In France he may not have learned to drive yet, so if he can enroll in a driver's education program or even get his license while in the US, he may really appreciate this when home, when he might be able to swap his US license for a French one. This page explains a bit more about this.

Ummm, maybe? Check with the sponsoring organization but we've had three exchange students in the past 6 yrs. and NO RECREATIONAL DRUGS, NO DRIVING, NO ALCOHOL were always presented to us as the absolutely unbreakable rules and the ones most likely to have someone sent back to their family immediately. None would have allowed the student to drive and one would have sent him home if there were even photos of him behind a steering wheel or with a beer bottle on Facebook.

All of ours found American schools lacking and so we worked to find areas of expertise such as choir, acting, arts, sports that they could feel challenged by.

We made a special effort to do the touristy things that we otherwise would never do and also made sure they attended any events the sponsoring org held. And also that they made it to any dream event such as an American football/basketball/baseball/soccer game, completely over the top operas, amusement parks, landmarks, etc.

Otherwise, lots of great advice -we greatly enjoyed all three of our students and still communicate regularly with them.
posted by beaning at 10:31 AM on June 19, 2015


As a former exchange student (Germany 05-06, I was 15-16) and host sibling (Germany and Finland), I second a lot of the suggestions above. One thing that I remember my family finding amusing was the way that our first exchange student (who was actually there while I was in Germany) expressed massive relief upon finding out that my family is liberal and didn't support most of Bush's policies. This is perhaps less of an issue now than it was then, but be ready for those moments of relief when they discover your house isn't filled with guns or whatever.

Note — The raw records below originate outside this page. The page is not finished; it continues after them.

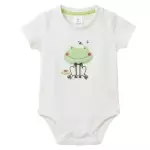 Body Frog
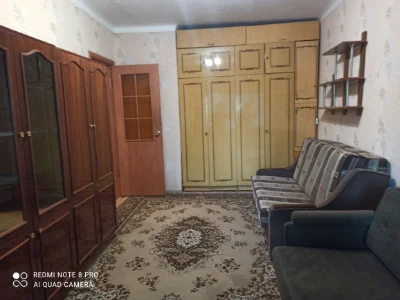 Продам 1-ну квартиру на аїнки
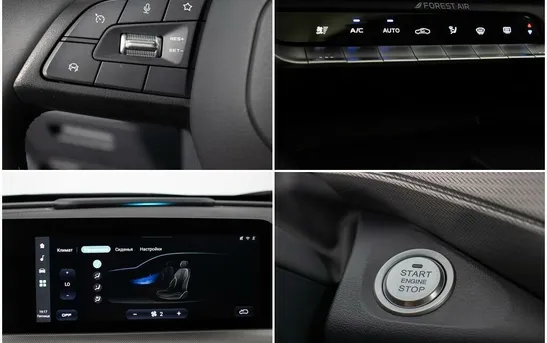 Changan UNI-T 1.50 Робот, фото №1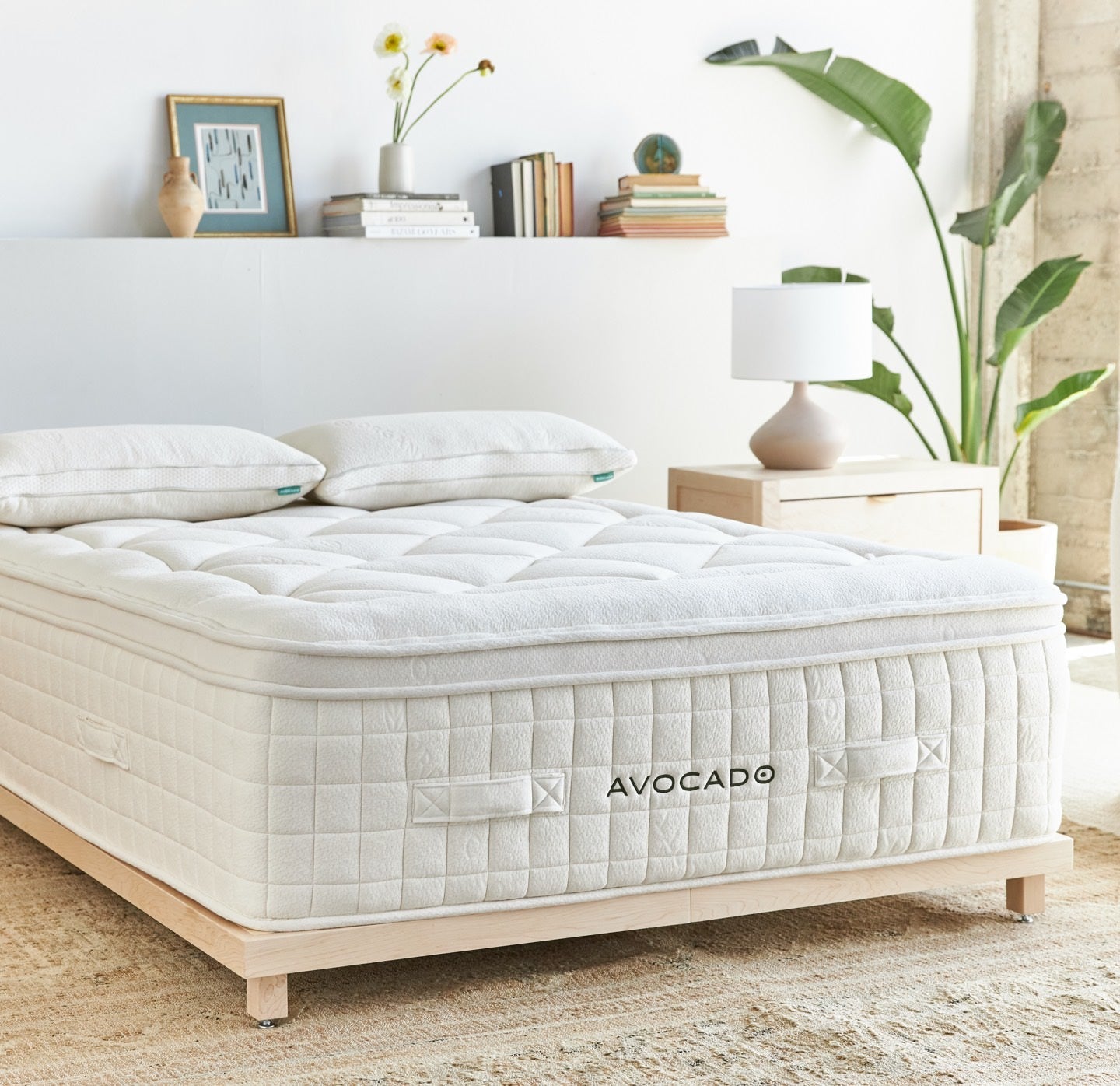 14 Brands Making Non-Toxic Cribs & Crib Mattresses For The Sustainable Baby  — Sustainably Chic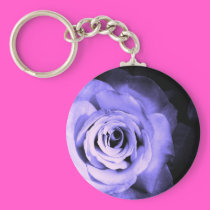 Purple Rose keychains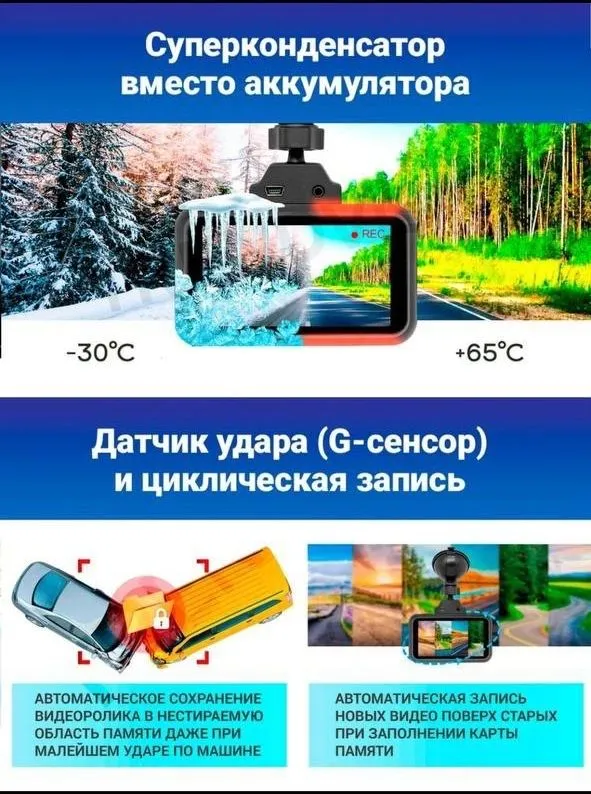 Trendvision Hybrid Signature Evo Wi radar — фото 1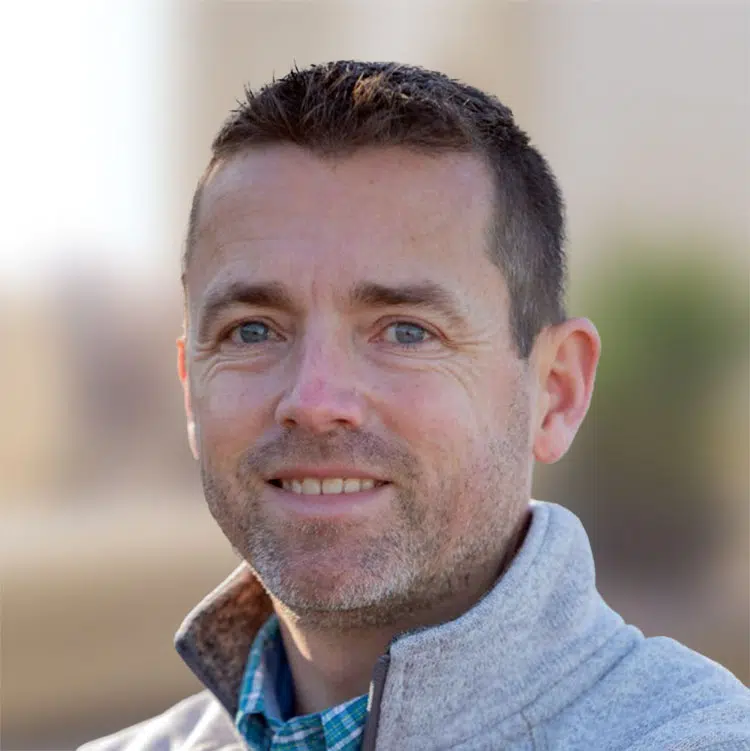 Christian Alfund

Also, your student will be lucky and here during election season! If they're interested, give them lots of opportunities to learn about the political process and be willing to answer questions. Take them to the polling place with you when you vote in the primary! Take them to see candidates speak near you, et cetera.
posted by naturalog at 10:46 PM on June 19, 2015


Response by poster: Thank you all for these thoughtful responses! I feel more confident about hosting having heard about your experiences.